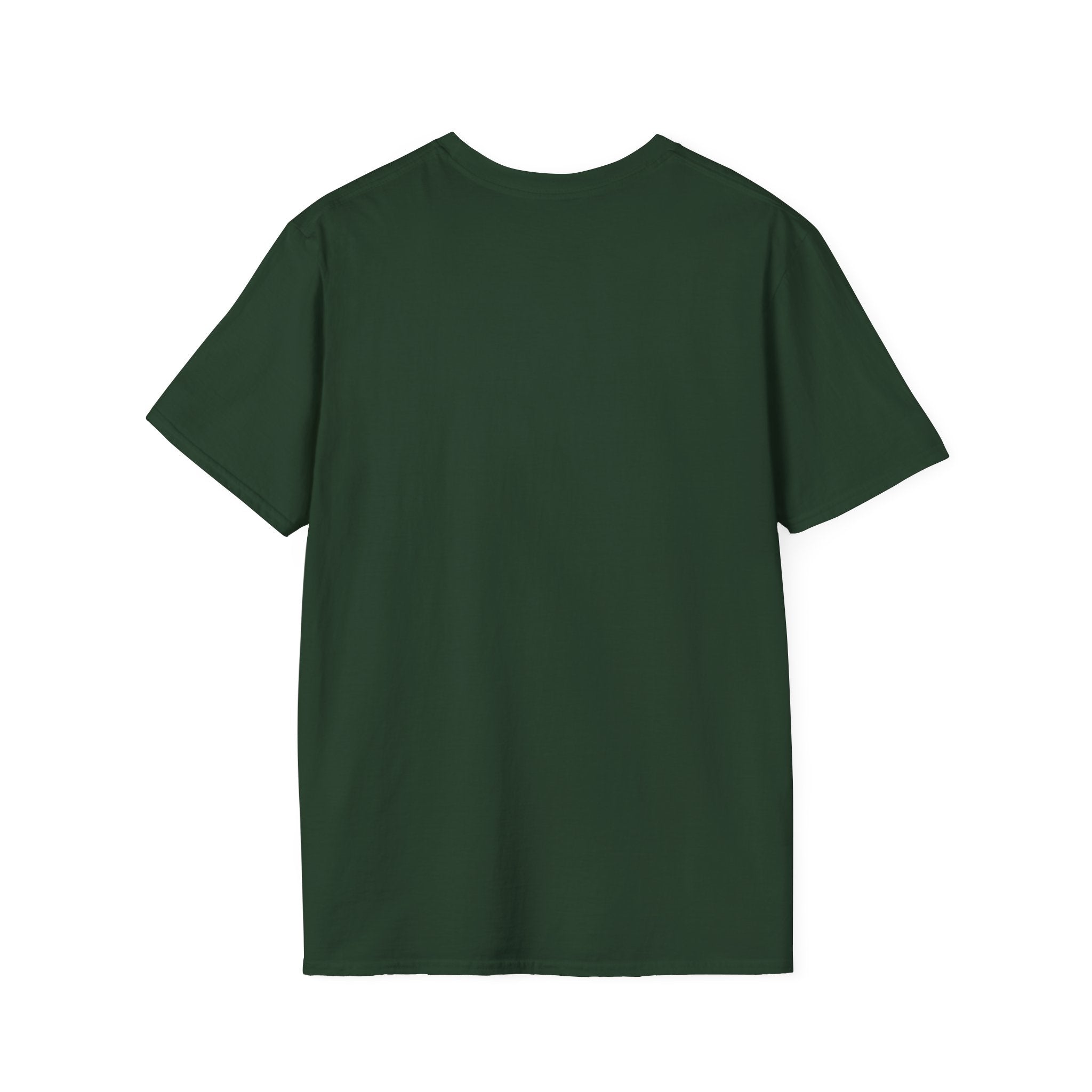 Deploy On Friday Funny T-Shirt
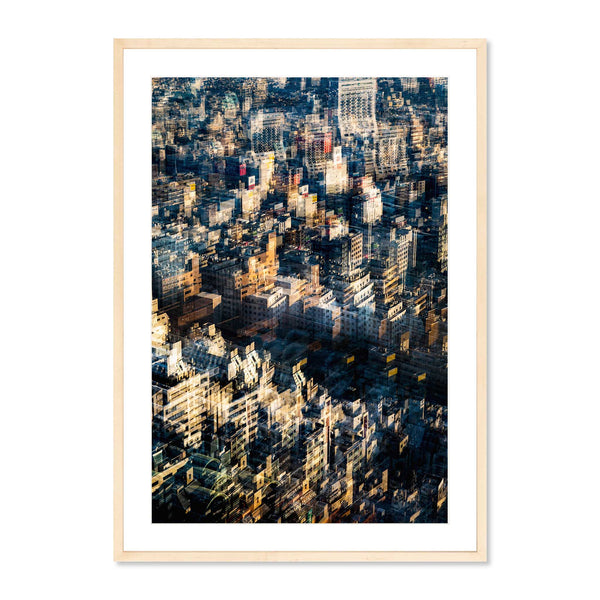 City Photography Prints: Why Skylines and Street Scenes Work Indoors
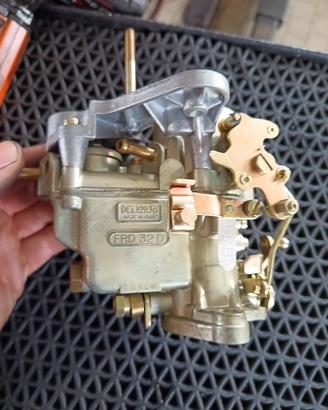 carburatore Dell'orto FRD32D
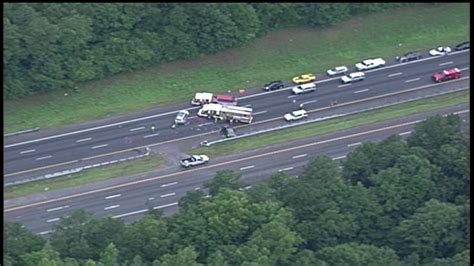 Atlanta Traffic | 11alive.com Traffic Lanes reopen on I-85 south at Chamblee Tucker Road after wreck Here's what we know. Driver trapped after accident involving tractor-trailer,.... 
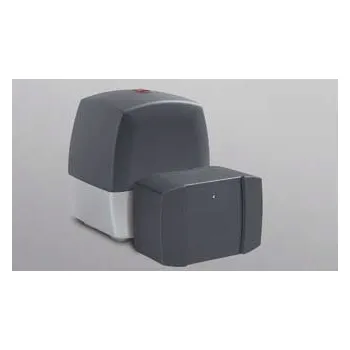 Pohon brány Hörmann nouzový akumulátor HNA Outdoor pro pohony vjezdových bran Barva: šedá,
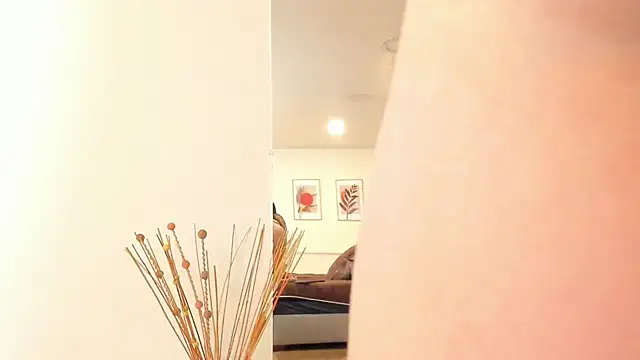 OliviGrace online show from November 10, 10:04 pm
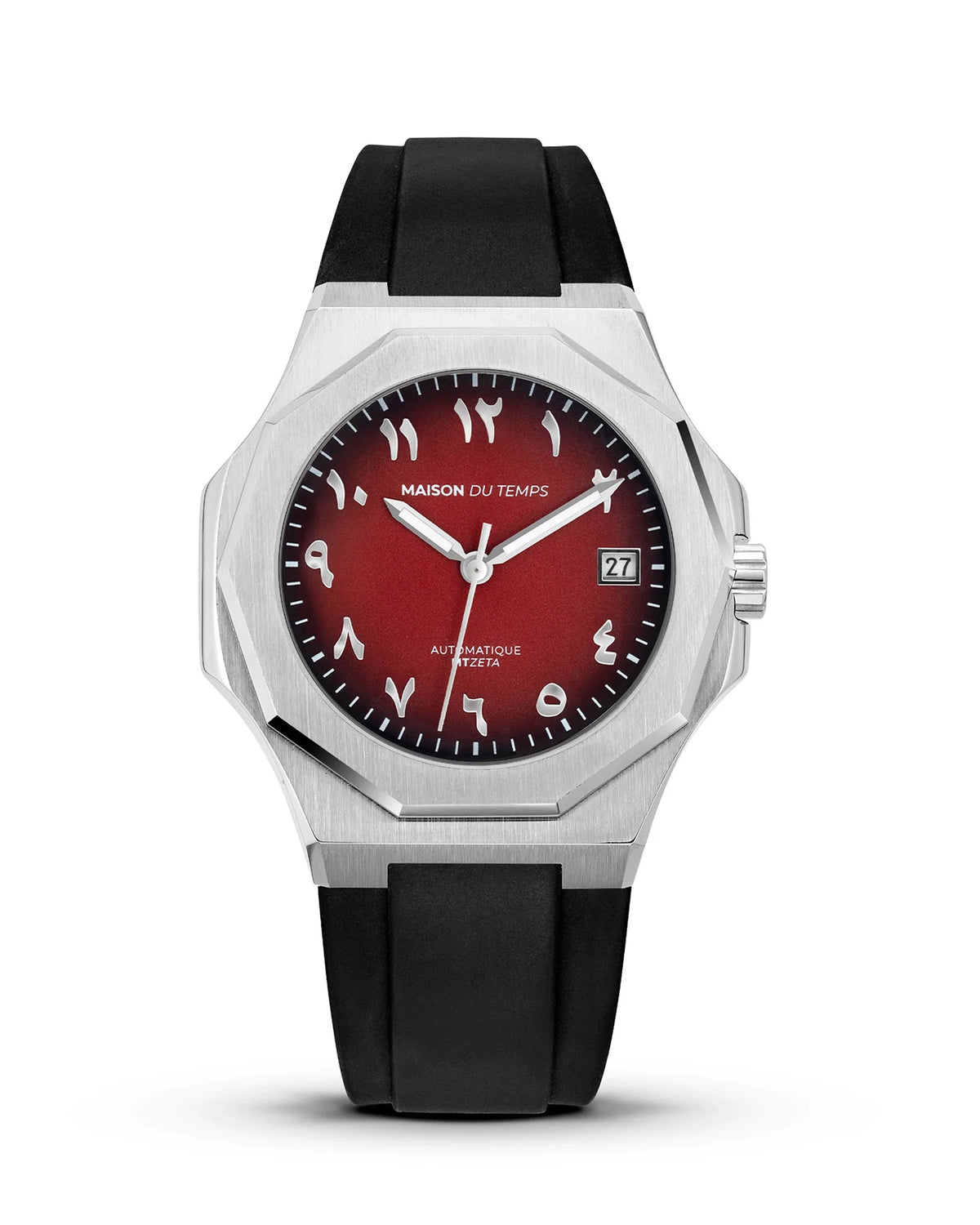 Maison du Temps Zeta 1002-SN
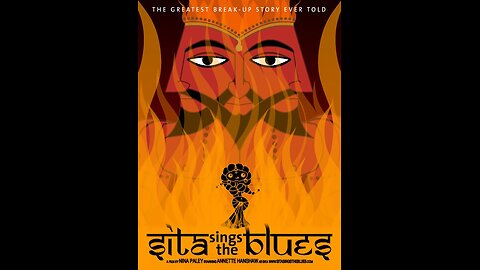 Sita Sings the Blues FULL MOVIE - 2008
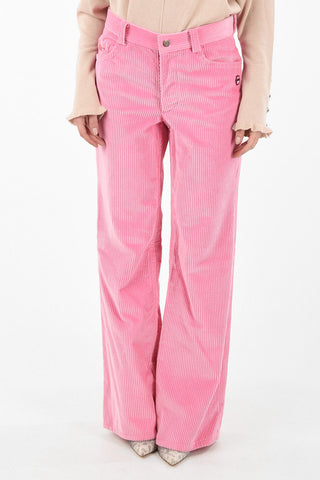 THE MARC JACOBS Corduroy Pant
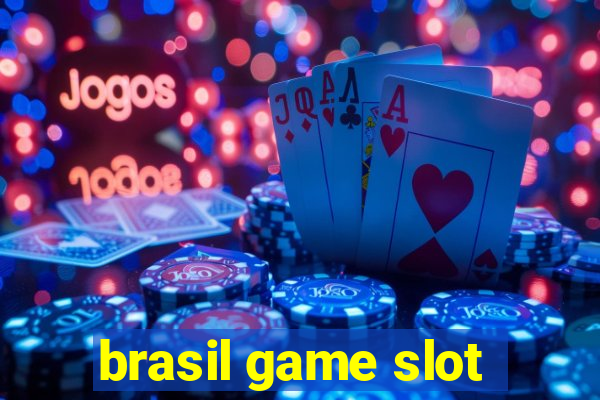 brasil game slot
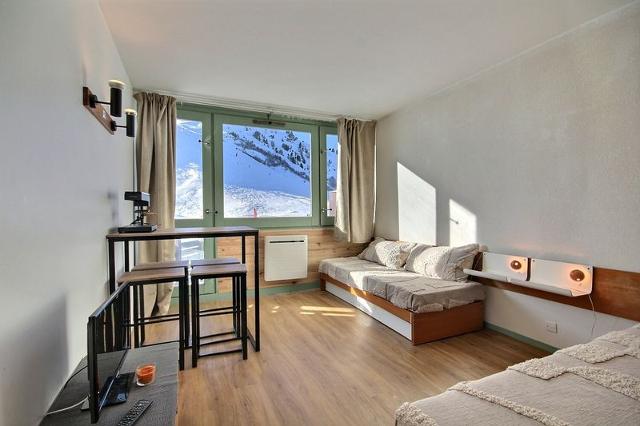 Apartements CHAMOIS L - Plagne - Aime 2000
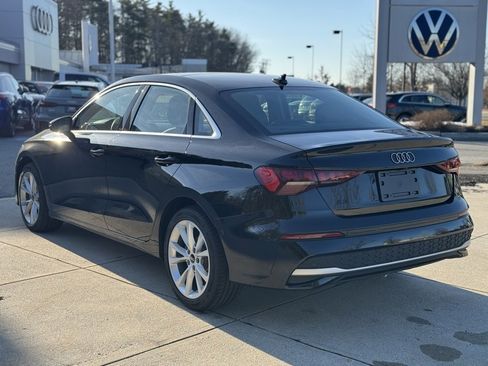 Used 2025 Audi A3 2.0T Premium image 13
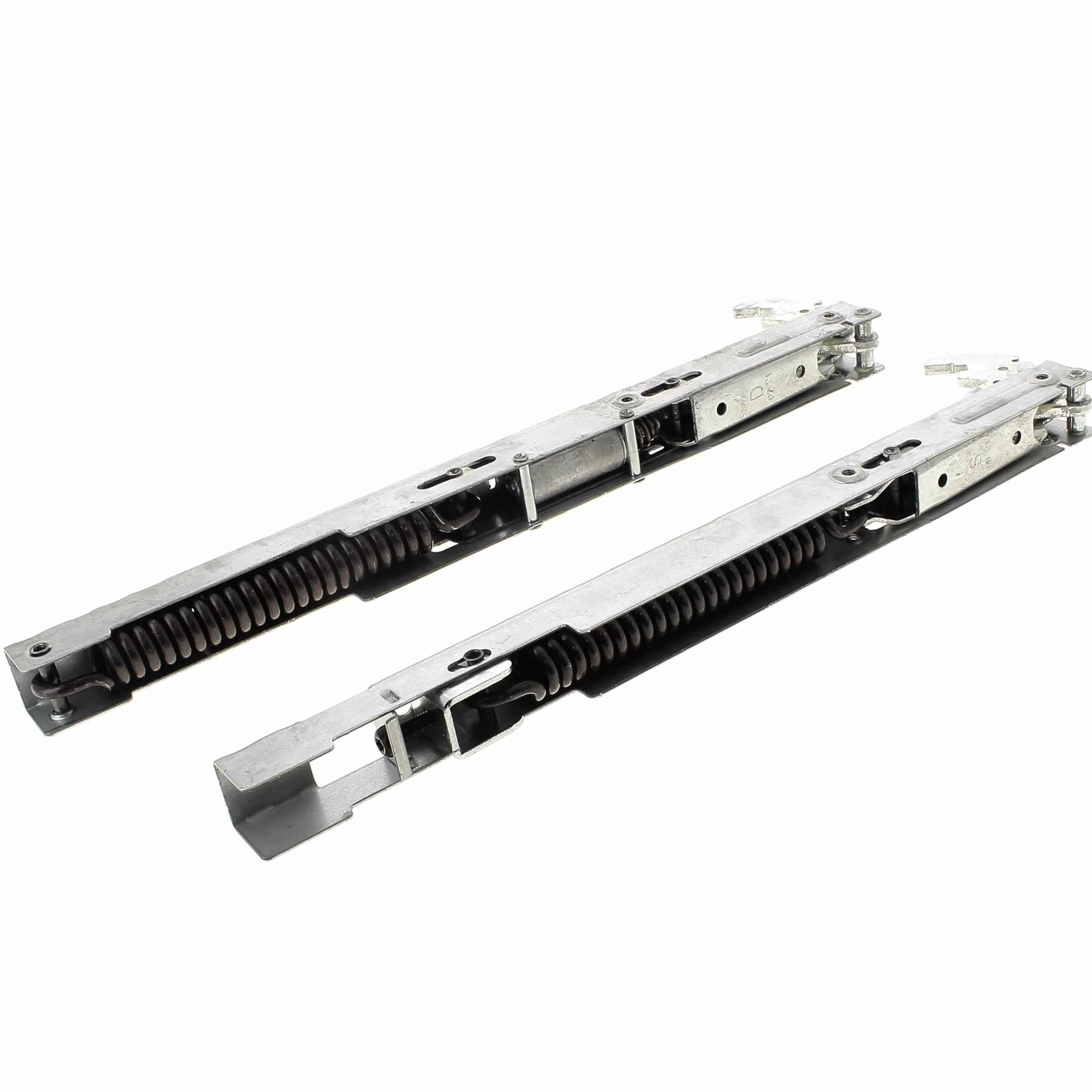 Zawiasy (zestaw 2) oryginalne piekarnik, kuchenka 481010724327 WHIRLPOOL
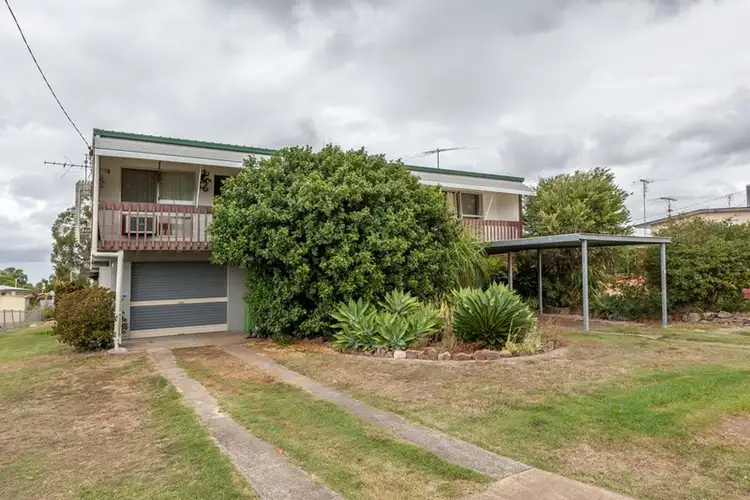 Main view of Homely house listing, 28 Dwyer, Gatton QLD 4343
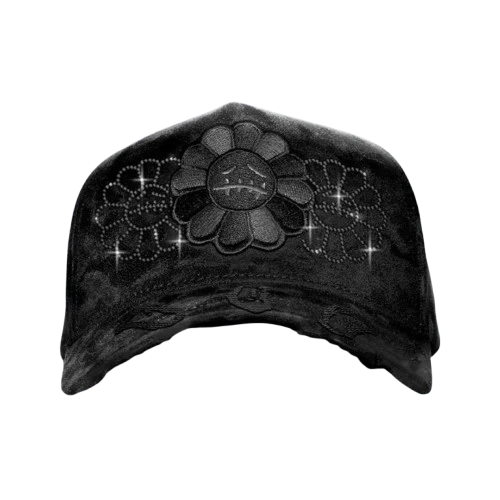 INNEDIT – Crystals Black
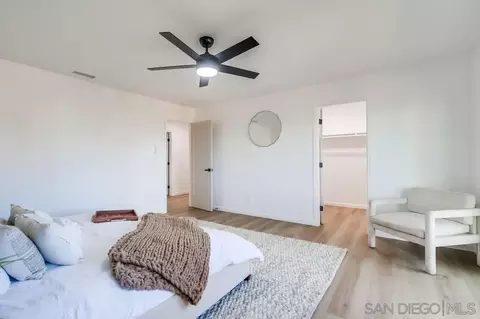 Bedroom - 3109 Dye Rd, Ramona, CA 92065 photo 3 of 14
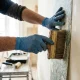 Wallpaper Installation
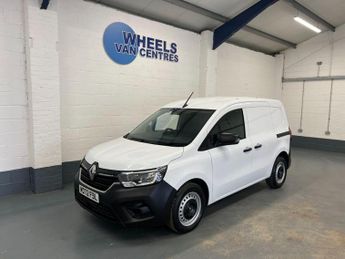 Renault Kangoo 1.5 dCi Blue ENERGY ML19 Start MWB Euro 6 (s/s) 6dr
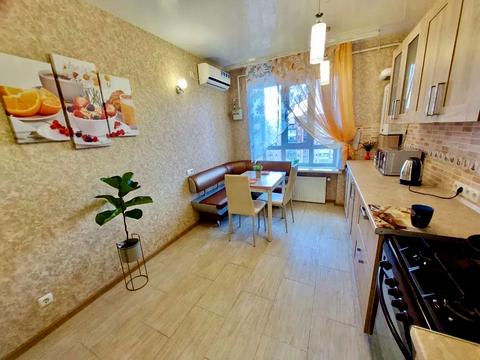 квартира за адресою Володимира Антоновича вул. (Свердлова), (Будинок 2)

#### [Task directions]
Starting with the line that holds "INNEDIT – Crystals Black", retype each line through the last one in the listing above, exactly as written. Do not copy any pictures.

#### [Output of the task]
 INNEDIT – Crystals Black
 Bedroom - 3109 Dye Rd, Ramona, CA 92065 photo 3 of 14
 Wallpaper Installation
 Renault Kangoo 1.5 dCi Blue ENERGY ML19 Start MWB Euro 6 (s/s) 6dr
 квартира за адресою Володимира Антоновича вул. (Свердлова), (Будинок 2)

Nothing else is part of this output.